One year of operating in our new kitchen brings smiles to our faces as well as to those of our senior meal recipients.
BUILT FOR DAYS LIKE THANKSGIVING
It’s early, but the team is ready to shine. It’s an average day and an unusual one. The new kitchen is buzzing. OK, so it’s always buzzing, but today the music is a little livelier, the joking a bit funnier, the redolence of nutmeg and cranberries are just that much more enticing.
Our first full Thanksgiving in the new kitchen is here. A year in the making and we are thrilled!
Meals on Wheels San Francisco officially open a larger, state-of-the-art industrial kitchen and food distribution center during a virtual dedication ceremony that was held on November 19, 2020. The Andy and Teri Goodman Nourishing Kitchen is already meeting the needs of the Bay Area’s growing population of food insecure and isolated older adults.
And the new kitchen is exceeding our expectations.
Located in The Sangiacomo Flynn Building in Bayview, our meal production capacity has increased to 30,000 meals daily. But—just as important—the kitchen helps us advance the quality and variety of our meals. It will also become a source for other food-based community benefit organizations for low-cost, high-quality food.
Between June 2020 to October 2021, Meals on Wheels has produced a staggering 2.8 million meals, serving more than 5,000 older adults daily.
It’s built for big days like Thanksgiving. And Thanksgiving…we were ready for you!
A (REMARKABLE) DAY IN THE LIFE
There are so many brilliant features of the new kitchen, especially around the ability to serve more meals while improving the food’s quality.
It all starts with happy cooks.
“The staff feels appreciated because of the design of the building and what was included,” said Executive Chef Richard Crocker. “The lockers, bathrooms, and cafeteria are all designed with the staff in mind.”
When the staff feels appreciated and has the right tools and ingredients, the pride in their work shines through. At the daily kitchen staff meeting, the menu changes day-to-day, but the message stays the same. We are all about “food made from the heart.”
Chef Brett Niebergall agrees.
“I ask my team to put their hearts in their work,” says Chef Brett. “They love knowing they are making a difference in our community one meal at a time.”
Designed for efficiency and safety, the layout allows easy movement from storage to kitchen and back to the warehouse again…or right out the door to the clients. If a piece of equipment can be on wheels, it is! That makes for a layout that can change depending on the day’s tasks. If something breaks, parts are on hand to quickly remedy the situation.
All that equipment and staff makes for a staggeringly active work environment.
“A typical day is very noisy,” said Kitchen Director Gustavo Lopez. “The kettles are always running at full speed, cooking tons of food, lots of smiles, a lot of cooks running up and down the stairs.”

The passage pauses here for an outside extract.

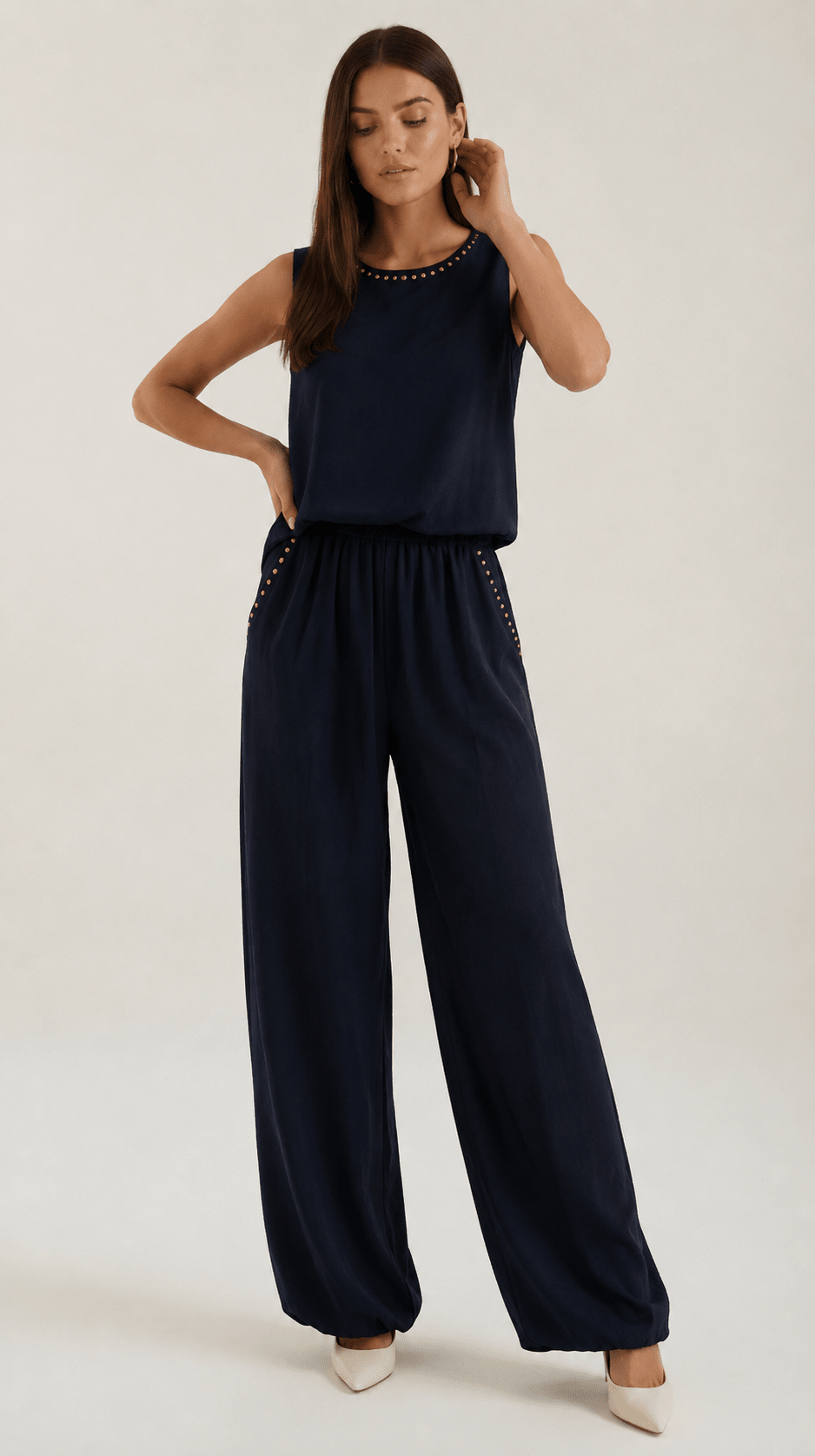 Sofi |  Conjunto globo con tachas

That activity is fueled by music, as Gustavo describes. “From Rap, Reggaeton, Salsa, Latin Rock, and Oldies. You walk from one end to the other listening to all these beats.” We’ll leave Gustavo’s definition of ‘oldies’ up to your imagination. This is a daily topic of debate in the kitchen. So, we’ll leave it at that.
FOOD MADE FROM THE HEART
The capabilities of the kitchen are astonishing and quality shines through. It always comes back to “food made from the heart.”

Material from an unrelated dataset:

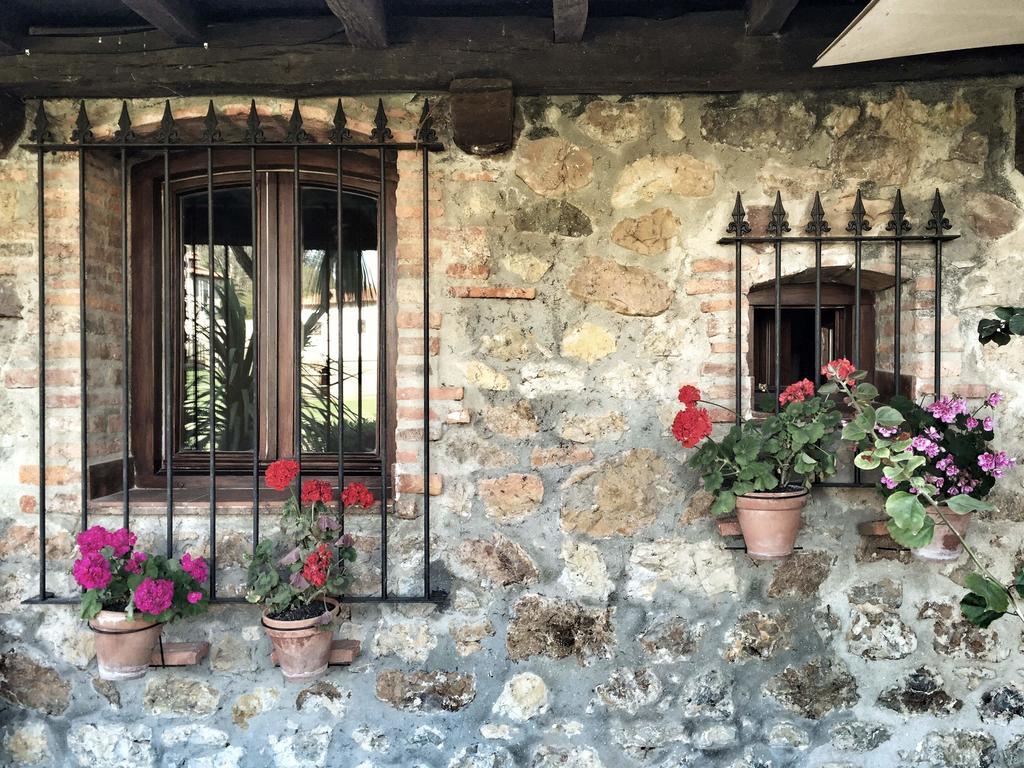 Trisileja En Puente Romano Toñanes エクステリア 写真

“We are far more scratch cooking than we’ve ever been before,” said David Linnell, Chief Food and Operations Officer. “We have focused on menu changes and finding products that we can make from scratch.”

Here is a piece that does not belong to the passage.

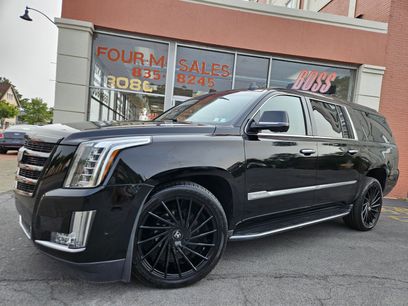 Used 2017 Cadillac Escalade ESV 4WD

It is amazing when you think about it. More meals, but better quality.
Our focus is the Continuous Quality Improvement Process, which includes taste tests. Yummy, yummy taste tests!
“We look at taste, color, texture, packaging, and the way it’s laid out inside the tray,” Linnell said. “We eat with our eyes first, we talk about all those components, and then we improve those components more than we did the last time.”
“Although we are cooking in 200-gallon kettles, we treat them as a normal size pot on the stove at home,” said Executive Chef Richard Crocker. “We build flavor by caramelizing vegetables, deglazing the pot, and maybe even reducing some wine.”
All that care. That’s what we mean by “food made from the heart.”
One of the operation’s most superb features is its location.
The Sangiacomo Flynn Building is in the heart of San Francisco’s Produce Market. The location means that relationships with produce vendors are stronger and transportation costs for many items are essentially zero.
For example, a neighbor recently had a problem. They ordered too many mangoes, 165 cases too many. They had a choice, throw them in the dumpster, or donate them. Meals on Wheels’ new location meant that we were the first call.
We were able to quickly secure this wonderful donation and mango chutney was born.
In fact, we buy our bananas from Earl’s Organic Produce, which is right across the street. Earls has the only banana ripening room on the West Coast. “They literally drive them across the street,” said David. “They bring them over on a forklift.”
Forklifted bananas…so satisfying. Even more satisfying is the knowledge that Meals on Wheels clients are getting the freshest food possible.